Pacemaker, pompe à insuline... La médecine utilise déjà des systèmes électroniques. Demain, ces outils pourraient permettre de contrôler plus finement l'impact des traitements sur les tumeurs cancéreuses et alors booster leur efficacité. C'est en tout cas ce que suggèrent les travaux d'une équipe du Massachussetts Institute of Technology (MIT). Au sein du Koch institute for integrative cancer research au MIT, l'équipe de Michael Cima a développé un capteur biochimique pouvant être implanté dans les tissus cancéreux. L'objectif étant de recueillir des données sur l'évolution de la tumeur en temps réel et ainsi adapter le traitement.

Ces recherches s'inscrivent dans un contexte d'augmentation du nombre de cancers. L'Organisation mondiale de la santé (OMS) signale que « les cancers figurent parmi les principales causes de morbidité et de mortalité dans le monde. En 2012, on comptait approximativement 14 millions de nouveaux cas et 8,2 millions de décès liés à la maladie (1). Le nombre de nouveaux cas devrait augmenter de 70 % environ au cours des deux prochaines décennies ». Dans ce domaine de l'oncologie, si de nombreux traitements existent déjà et que d'autres sont en cours de développement, le suivi de leurs effets sur la tumeur est crucial. C'est là qu'intervient le capteur développé par l'équipe de Michael Cima et qui pourrait être implanté dans les tissus cancéreux au cours d'une biopsie de la tumeur.

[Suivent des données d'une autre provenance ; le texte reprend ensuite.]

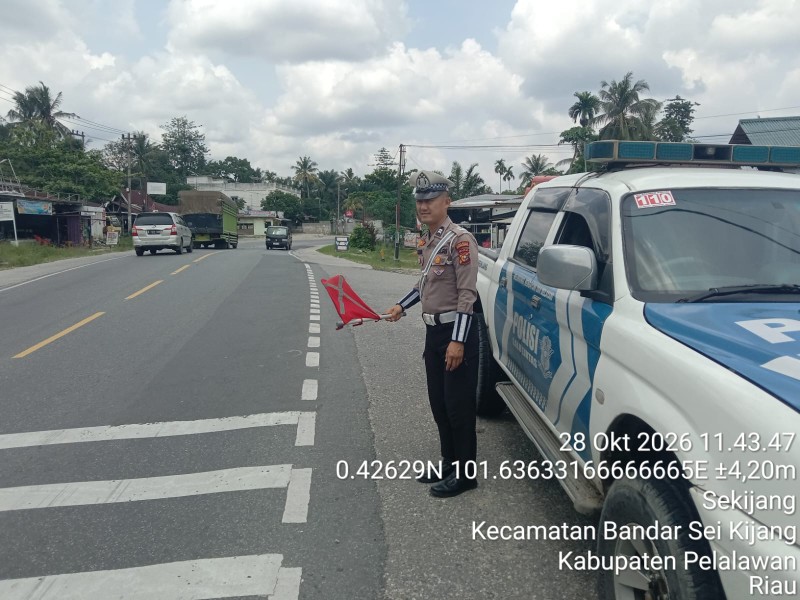 POLSEK BANDAR SEI KIJANG KEMBALI LAKSANAKAN PATROLI PREVENTIF DAN PENGATURAN ARUS LALU LINTAS DI JALINTIM KM 38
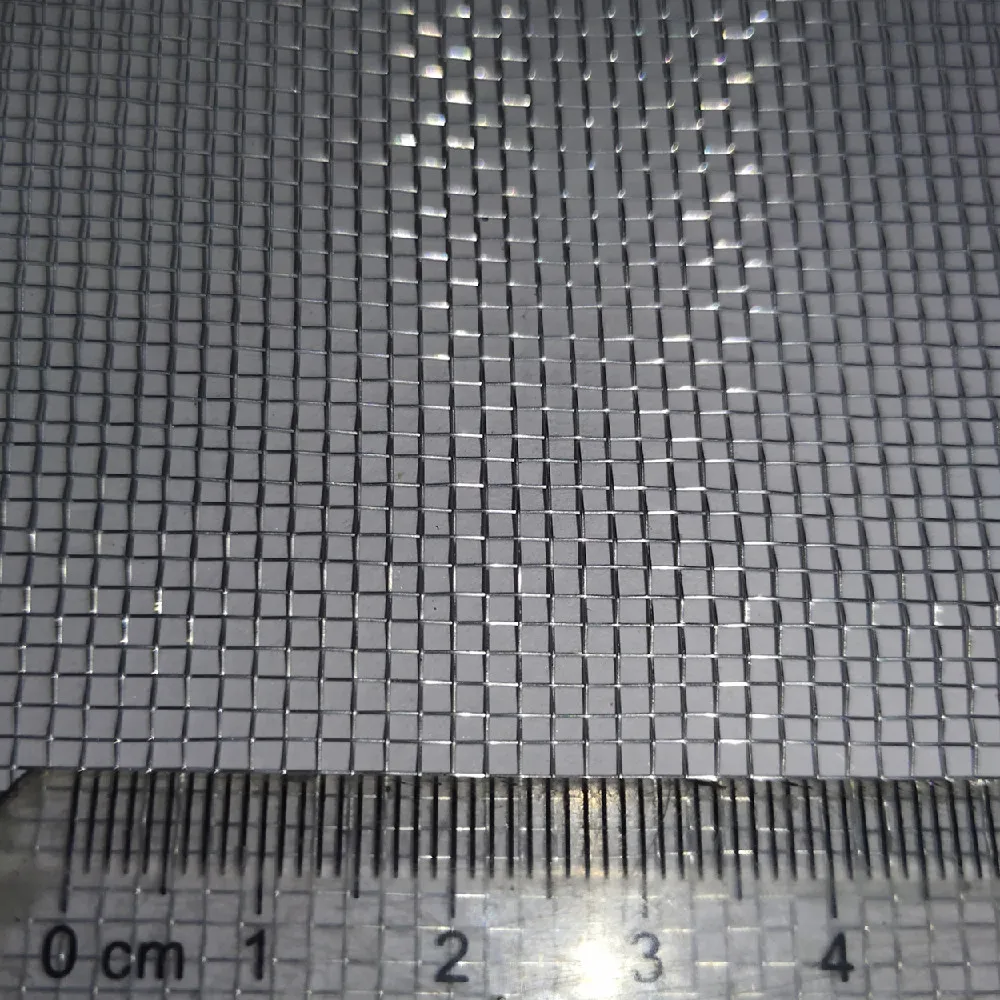 China Aluminum alloy screen window mosquito net and aluminum window screen mesh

Ce capteur biochimique permet de mesurer le pH et le taux d'oxygène dissous dans les tissus. Le premier vise à donner des informations sur l'effet du traitement. « Quand le tissu cancéreux subit les assauts d'agents de chimiothérapie, il devient plus acide », selon le MIT qui cite Michael Cima : « De nombreuses fois, vous pouvez observer la réponse chimique avant de voir la tumeur réellement rétrécir ». Le suivi du pH au plus près de la tumeur permettrait alors d'anticiper ou non l'effet du traitement de chimiothérapie. Une information essentielle pour l'équipe médicale. Autre paramètre suivi par le capteur : l'oxygène dissous. Cette donnée permet d'établir la dose de traitement, comme les radiations. « Plus la tumeur est hypoxique, plus le besoin en rayonnement est grand », explique Michael Cima. L'hypoxie est liée à la quantité d'oxygène apporté par le sang dans les tissus. Les capteurs du MIT apportent des informations en temps réel sur la quantité d'oxygène au niveau de la tumeur, ils pourraient donc « permettre de voir comment l'hypoxie évolue dans la tumeur, afin d'ajuster les rayonnements en conséquence », ajoute le chercheur. Le suivi de ces deux paramètres vient ainsi compléter les outils actuellement disponibles pour suivre l'évolution des tumeurs cancéreuses. « L'imagerie par résonance magnétique et autres technologies de scanner peuvent indiquer la taille de la tumeur alors que l'information la plus détaillée sur la façon dont agit le traitement vient des pathologistes avec des examens des tissus prélevés au cours de biopsies », précise le MIT.

Une utilisation simple

Si ces capteurs offrent des perspectives intéressantes pour le suivi de l'efficacité des traitements, se pose la question de son implantation dans le corps du patient et la récupération des données. Là encore, les chercheurs mettent en avant le fonctionnement de leur capteur. « Le boîtier du capteur, fabriqué en plastique biocompatible, est assez petit pour tenir dans la pointe d'une aiguille de biopsie. Il contient 10 microlitres d'agents de contraste chimique utilisé pour l'imagerie par résonance magnétique et un circuit pour communiquer avec le dispositif de lecture externe », selon le MIT. Et le système de récupération des données a aussi été pensé pour sa praticité. L'équipe de Michael Cima avait déjà conçu un capteur implantable, mais qui nécessitait un IRM pour lire les informations. « Les IRM coûtent cher et ne sont pas faciles à réaliser dans le cadre d'une routine de soins. Nous voulions franchir l'étape suivante et ajouter un peu d'électronique dans le système afin d'accéder à ces mesures sans IRM », témoigne Michael Cima. L'équipe du MIT s'est alors servie d'inductance mutuelle. C'est-à-dire qu'ils ont intégré une bobine métallique dans le lecteur et une autre plus petite dans le capteur. Un courant électrique magnétise la bobine à l'intérieur du lecteur et ce champ magnétique crée une tension dans la bobine du capteur quand les deux bobines sont assez proches. La variation du signal du capteur est ensuite interprétée par un ordinateur auquel le lecteur est relié. « Avec ces systèmes, c'est comme de prendre la tension », souligne Ralph Weissleder, radiologiste et directeur du Centre des systèmes biologiques du Massachusetts general hospital.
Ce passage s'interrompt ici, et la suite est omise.